Lux, thanks for sacrificing yet another one for the "cause". 
btw: Is the last photo a picture of board with the protection circuit? ie., the negative contact of the battery?


----------



## LuxLuthor (Jul 15, 2007)

PhotonAddict said:


> Lux, thanks for sacrificing yet another one for the "cause".
> btw: Is the last photo a picture of board with the protection circuit? ie., the negative contact of the battery?



Yes. There is an outside metal disc covering the back of the PCB (Printed Circuit Board) at the NEG terminal end of the battery. Don't know what that glue is that attaches it...maybe Arctic Silver Epoxy?


----------



## LuxLuthor (Dec 18, 2007)

BTT


----------



## RGB_LED (Dec 18, 2007)

LuxLuthor, thanks for sacrificing your batteries for the cause and for providing this information. I have used AW's 750mAh and LiFePO4 RCR123's, 17670's and 18650's for about a year now and, while I have had no complaints, I had been contemplating getting other brands of batteries but this is just further confirmation that there is no need as AW's are the best out there. 

This is comforting information as there have been several threads in the past year about exploding CR123's - primaries and from other manufacturers.
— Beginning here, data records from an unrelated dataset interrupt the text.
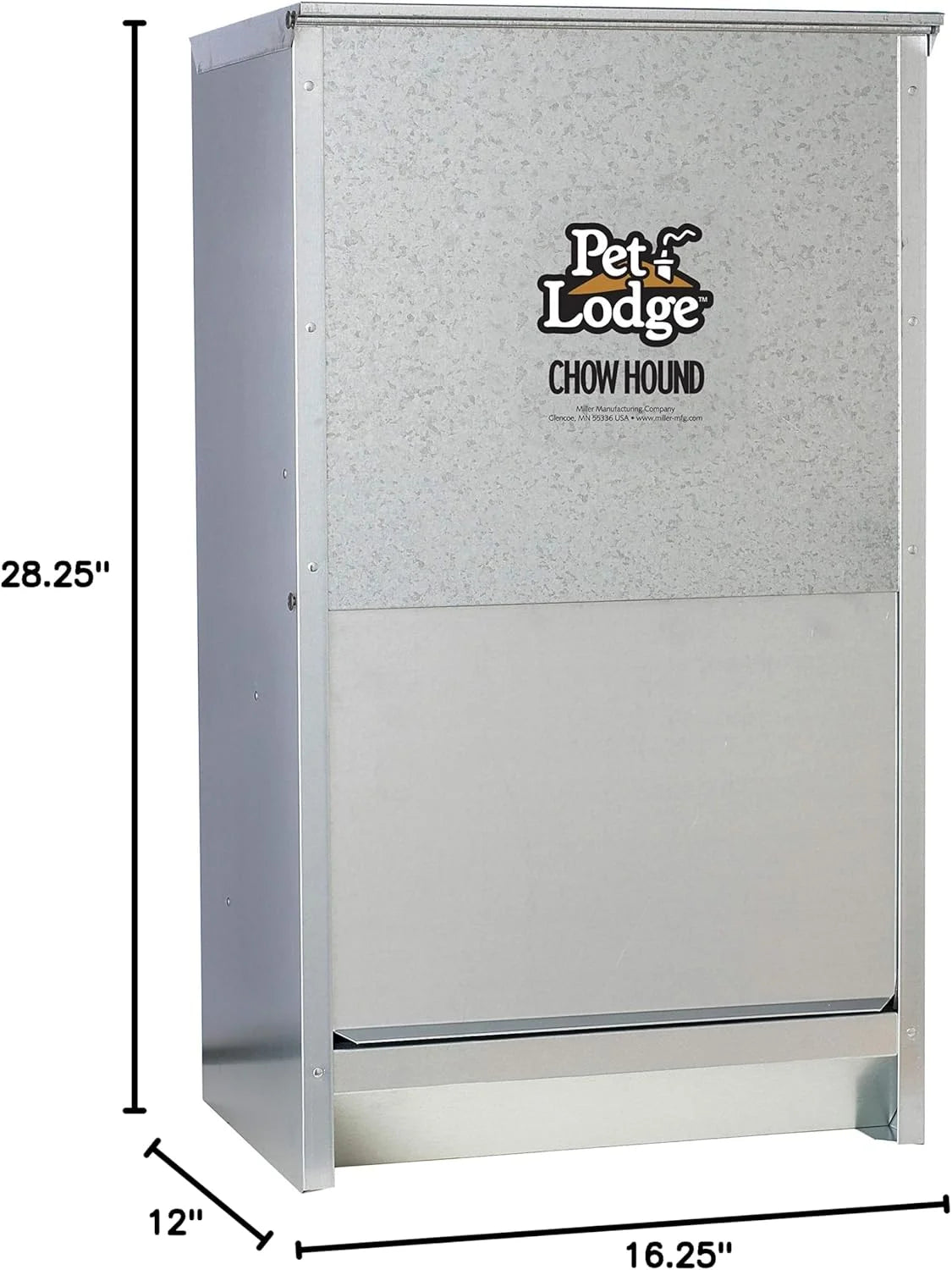 Chow Hound 50 Lb Dog Feeder - Galvanized Steel Automatic Chew-Proof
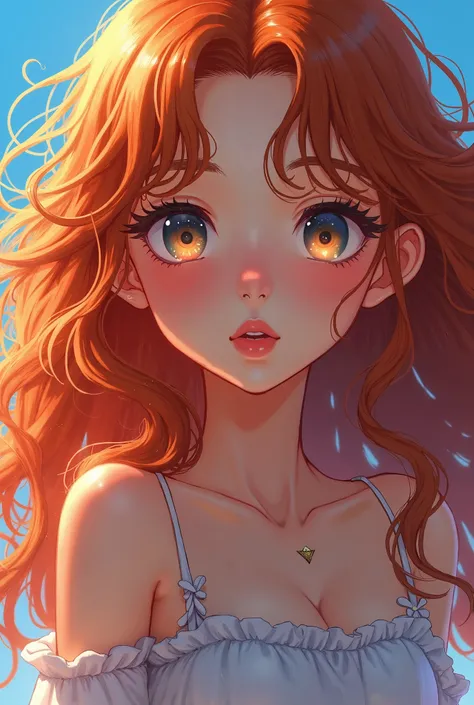 masterpiece，Dazzling colorful light，Ultra Detailed，A girl，big eyes，Extra long curly hair，Red-blond hair，A fascinating adventure，Glowing lips and face，Close-up of face，Exposed shoulders，Dreamy and beautiful，Thick paint of the characters，Fine brushstrokes，wa...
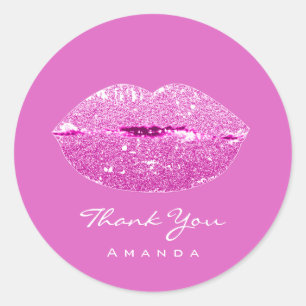 Sticker Rond Merci Nom Sweet16e Lèvres Baisées Rose nuptiale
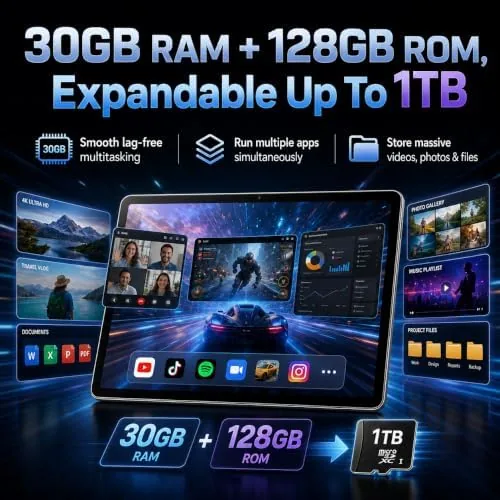 The 2026 Latest 11 Inch Android 16 Tablet, Tablet with 30GB in real use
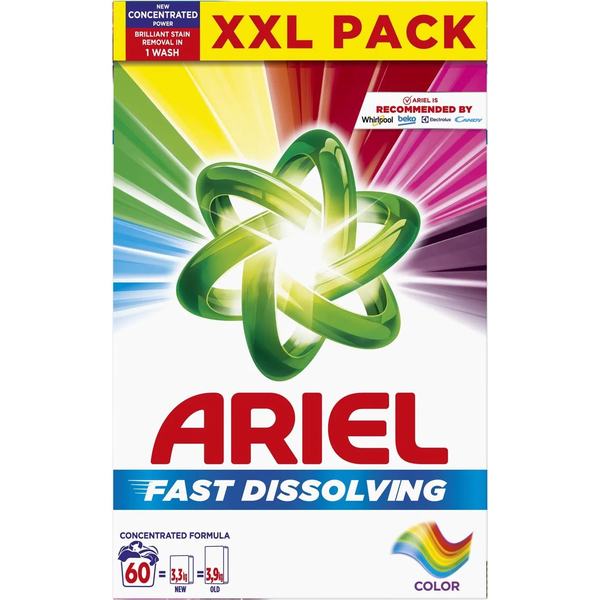 Prášek Na Barevné Prádlo Ariel Fast Dissolving Color 3,3kg 60praní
Thanks AW, for actively improving your batteries to make them better and safer for us all. :thumbsup:

I think I'll be putting in a new order soon for more AW batteries... :santa:


----------



## radellaf (Dec 18, 2007)

So on the RCR front, is it correct that there are like four different kinds the same size?
1. Straight unprotected 3.7 RCR123
2. Protected version
3. Regulated to 3.0V version (i assume ckt also protects)
4. LiFePO4 3.2V

Is #4 a replacement functionally for #3? Where the chemistry makes it need neither voltage reduction or protection circuitry?

I hope so, as I want to use two, safely, in a 2xCR123 Inova 3W LED (T3 i think).


----------



## LuxLuthor (Dec 19, 2007)

Last I checked on the topic, those were the RCR 123's I was aware of. There are pro's and con's to the #4, including safety & reduced capacity that makes it not be an identical performance trade.


----------



## katsyonak (Dec 19, 2007)

Thanks LuxLuthor, that's an interesting thread.


----------



## LuxLuthor (Jan 4, 2008)

Had a number asking me about the length of AW's C Li-Ion with protection circuit as compared to the Kai unprotected model. I measure AW's length 53.5mm including button, or 51.5mm to top adjacent to button.


----------



## radellaf (Jan 9, 2008)

LuxLuthor said:


> There are pro's and con's to the #4, including safety & reduced capacity that makes it not be an identical performance trade.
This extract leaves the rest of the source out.